I am not argueing against the extra column with the easy mapping option. But I think it will be good push people to consider the consequences of using it since they may be important.

I hope this type of communication is a useful form of dialog as we try to devise guardrails that strike the right balance between ease of use and best performance and most valid evidence.

I wonder if our thinking about this will best be framed by a research team with the required skills to do the research rather than a hypothetical lone clinician researcher who would likely feel daunted at the task of learning and navigating vocbularies.

We wouldn’t encourage that researcher to do their study without appropriate guidance on Statistical methods. Or if it involved genomics, to do it without the appropriate guidance from someone with that expertise. So it might stand to reason that an informatics person who can help guide the appropriate use of clinical data is similarly to be expected.

Andrew

DaveraGabriel commented 4 years ago

From: jhu-informatics-team@googlegroups.com jhu-informatics-team@googlegroups.com On Behalf Of Christopher Chute Sent: Tuesday, June 23, 2020 11:49 AM To: jhu-informatics-team@googlegroups.com Subject: Case status

On our list of things to do, just go an addition. I am writing my recollection of my entire list, could be added to Github. Case status is the new one.

  1. Aggregating like labs/meds into parent concepts
  2. LOINC to HPO coding
  3. Pre-computing categories of case status, based on Emily’s Github criteria, (definite, possible, probable, etc.) since this requires real date information (things before or after March 1st) and not possible for the Safe Harbor derivative.

Chris

kmkostka commented 4 years ago
  1. Generally speaking, Concept Sets are intended to be a way to group together related terms into a unit that you can then put them into logic. They are intended to be a functional equivalent to“clinical groupers” or “code groups” for use in analytics. The creation of a grouping that looks at things like: "Diabetes" or "HbA1c-values above a specified threshold" is veering into a rule-based cohort definitions. Both can be created as JSON objects and used in the Enclave. You could create derivations of these in analytical tables in Palantir. I would not store it in the CDM itself because it's more intended for a results schema (e.g. it can change over time based on what's in your CDM, it's not actually a data element of the CDM). I would be happy to train the Analytics team on how to create these artifacts and how you can store them as metadata in your Enclave analytics workspace. It is not as complicated as it sounds and would create significantly more transparency into how we generated a pre-computed variable.
  2. @empfff may want to weigh in on the use of the labels proposed.

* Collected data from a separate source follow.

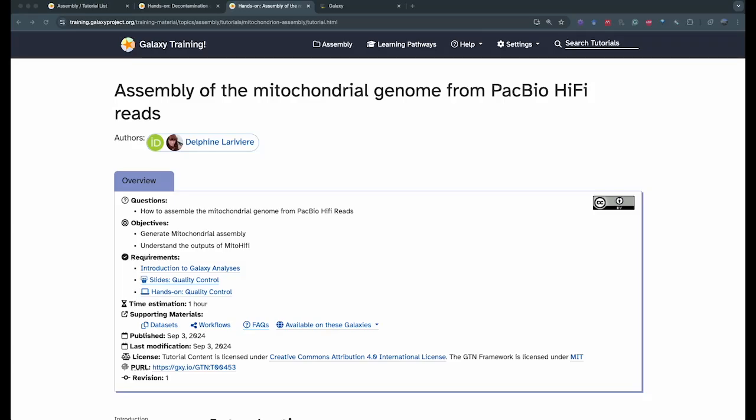Thank you for joining this video. Today we're going to talk about assembly of the mitochondrial genome using PacBio HiFi reads. This is a tutorial that is complementary to the assembly of the vertebrate genome from PacBio HiFi and decontamination of these genomes.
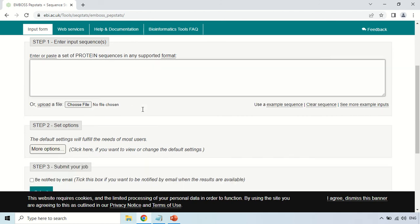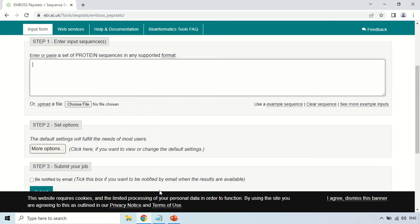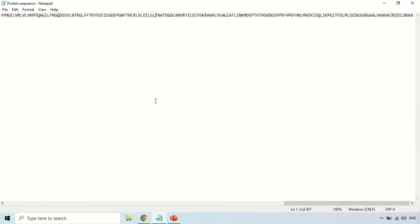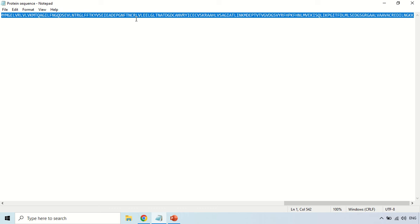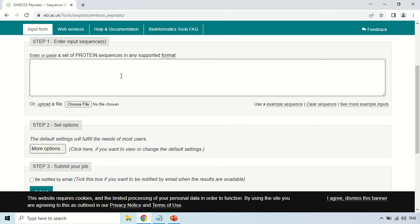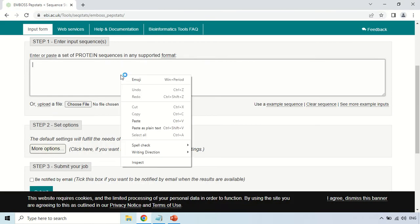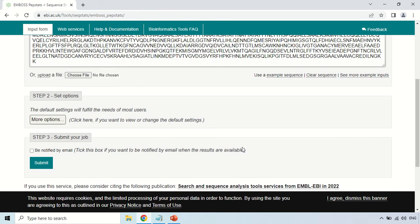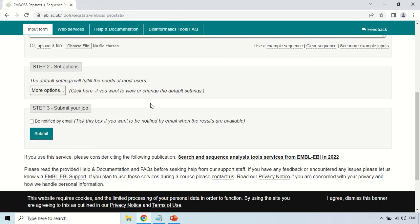Now I am just taking a protein sequence for example. This is the protein sequence, just copy your protein sequence and paste it in this window. Now after pasting, there are certain other options you may change. You may click this box to be notified by email, so the link of results will be emailed to you, but right now I am just skipping it.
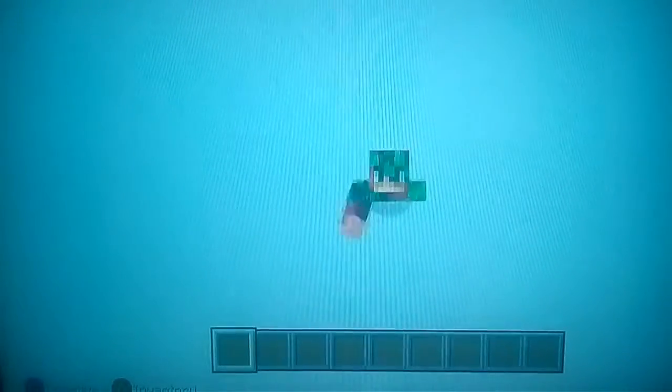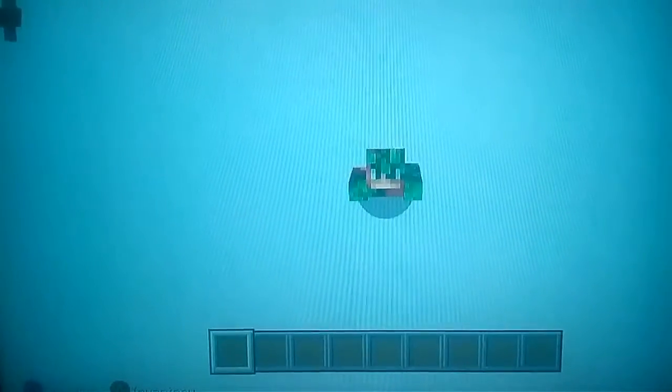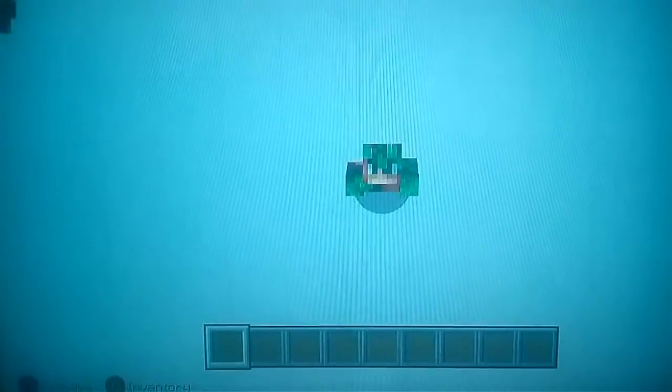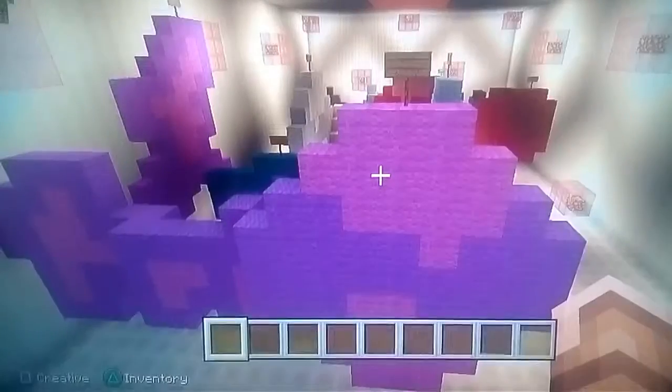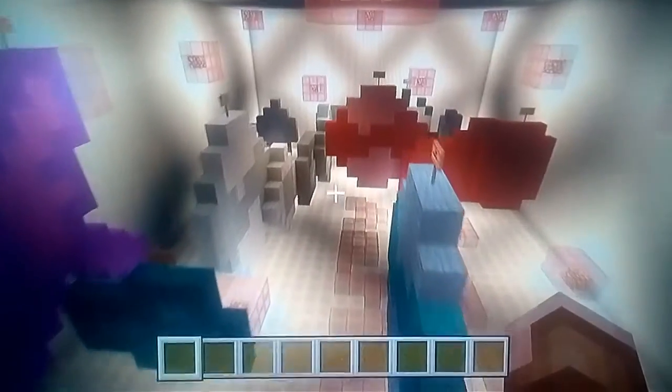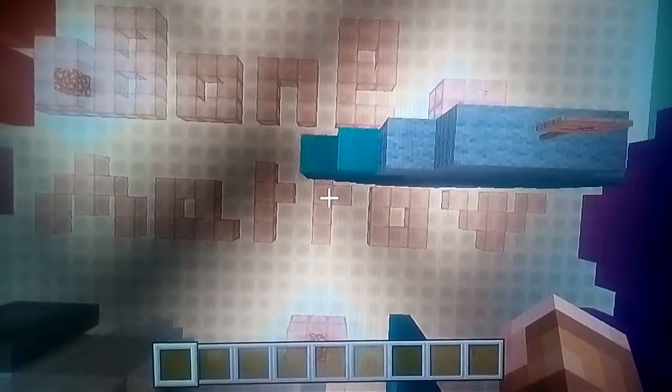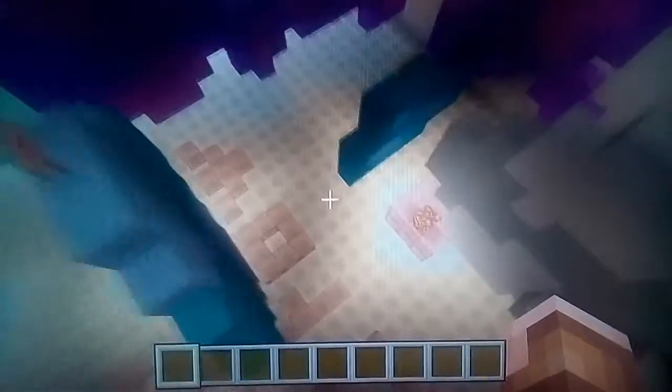Hello everybody, today we'll be learning about how bones make blood. Cool, right? Let's take a look inside a bone — and in we go. Blood is made by bone marrow, the spongy material inside of our bones. Blood cells are...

I think these labels are not validated enough to be used at scale. It would be safer to let people build Cohort Definitions that can be shared in the Enclave to show transparency in how someone meets inclusion or exclusion in a specific label.
  3. Unmapped or missing concepts not currently supported in a standard (LOINC, SNOMED, etc) can be custom mapped to the OMOP Vocabularies. We do this all the time with EHR data. The OMOP Vocabulary team would build a N3C Vocabulary that ascribes meaning to these unmapped strings and coordinates them to the relevant concepts. You can order these maps by submitting a use case and list of unmapped values to the OMOP Vocabulary WG (Clair can help direct you to the right resources). It will be triaged and addressed.
empfff commented 4 years ago

I guess I'll add that we never really obtained full community agreement on the categories in the phenotype--one woman's "suspected" is another woman's "possible," for example. I agree with Kristin's suggestion to represent these labels in shared cohort definitions rather than persisting them in the database.

cgchute commented 4 years ago

Fair enough on the case status categories, I had thought there was more consensus. I do believe that pre-computing some lab parents (all those blood creatinine orphans) would be useful, particularly for the elements used in the characterization paper.